THE INVISIBLE CRISIS: MENTAL HEALTH OF PRISONERS IN INDIA (BY ANANYA DUTT & HIMANSHU BODWAL)
Introduction
Covid 19 created havoc, not just to life of people, but also crashed down economies, generated
unemployment at a humongous scale but its biggest destruction has been giving rise to
depression and anxiety in minds of millions of people. While we struggled locked up in our
homes, it was those locked up in our prisons who suffered twice than normal citizen.

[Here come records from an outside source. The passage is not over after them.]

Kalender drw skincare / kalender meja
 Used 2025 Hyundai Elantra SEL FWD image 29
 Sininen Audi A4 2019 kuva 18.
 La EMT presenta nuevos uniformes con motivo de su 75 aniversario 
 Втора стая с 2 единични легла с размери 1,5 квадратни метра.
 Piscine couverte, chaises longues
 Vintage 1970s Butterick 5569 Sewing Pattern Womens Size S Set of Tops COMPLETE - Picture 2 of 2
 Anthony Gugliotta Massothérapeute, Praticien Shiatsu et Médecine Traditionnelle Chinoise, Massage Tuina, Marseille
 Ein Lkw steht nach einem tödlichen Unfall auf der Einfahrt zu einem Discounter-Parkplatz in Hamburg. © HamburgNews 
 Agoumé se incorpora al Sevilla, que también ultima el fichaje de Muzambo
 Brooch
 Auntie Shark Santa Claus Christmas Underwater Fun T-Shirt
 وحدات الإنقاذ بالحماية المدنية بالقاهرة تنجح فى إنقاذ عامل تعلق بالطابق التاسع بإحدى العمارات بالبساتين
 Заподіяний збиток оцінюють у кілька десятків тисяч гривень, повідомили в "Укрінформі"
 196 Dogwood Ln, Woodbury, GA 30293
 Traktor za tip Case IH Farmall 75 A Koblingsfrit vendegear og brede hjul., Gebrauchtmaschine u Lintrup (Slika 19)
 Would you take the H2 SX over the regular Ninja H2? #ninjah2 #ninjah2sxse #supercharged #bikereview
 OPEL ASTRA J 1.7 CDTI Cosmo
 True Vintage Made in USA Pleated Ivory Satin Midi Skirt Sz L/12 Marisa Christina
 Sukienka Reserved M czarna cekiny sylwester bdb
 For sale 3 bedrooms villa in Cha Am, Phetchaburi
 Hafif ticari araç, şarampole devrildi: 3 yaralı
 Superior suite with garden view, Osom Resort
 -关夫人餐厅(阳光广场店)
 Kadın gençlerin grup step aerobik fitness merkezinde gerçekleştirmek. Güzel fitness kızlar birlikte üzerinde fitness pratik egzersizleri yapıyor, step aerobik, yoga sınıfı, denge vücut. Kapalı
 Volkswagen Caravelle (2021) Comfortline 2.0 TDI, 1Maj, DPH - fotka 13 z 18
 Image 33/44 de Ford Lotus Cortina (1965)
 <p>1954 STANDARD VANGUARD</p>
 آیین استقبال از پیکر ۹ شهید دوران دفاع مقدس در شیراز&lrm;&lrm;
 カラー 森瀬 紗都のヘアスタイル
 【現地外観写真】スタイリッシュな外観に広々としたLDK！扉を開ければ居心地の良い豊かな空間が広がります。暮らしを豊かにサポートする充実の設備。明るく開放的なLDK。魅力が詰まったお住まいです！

Henry David Thoreau had correctly said, “Not until we are lost do we begin to understand
ourselves”1
. The concept of imprisonment is based on the idea of creating a safe society where
the wrongdoer is punished and he gets a chance of introspection, of bettering himself to be able
to live in the society again peacefully. But Indian Prisons have failed to achieve its goal due to
several reasons but the most undervalued of them is the mental health of those locked up for
several of years.
Commonwealth Human Rights Initiative (CHRI)2
reported that Prison inmates are twice more
likely to die of suicide than the general Indian Population. The WHO and International Red
cross has also reported that situations involving inadequate healthcare facilities, sexual and
physical assaults, overcrowding tends to increase the possibility of mental health issues. In the
year 2020, Tata Trusts’ Indian Justice Report stated that Prisons in India have a shortfall of
medical staff by 41% while in 35of 36 states/UTs, prison occupancy exceeds 50% of inmates3
.
Crimes that are committed are either done by someone already suffering from some mental
disorder or result of extreme case of anxiety and depression, and if that’s not the case, then the
said accused develop some mental disorder while locked up in jails, or worse solitary
confinement. When mental health is holding centre stage in today’s generation, the mental
health of convicts remain unattended.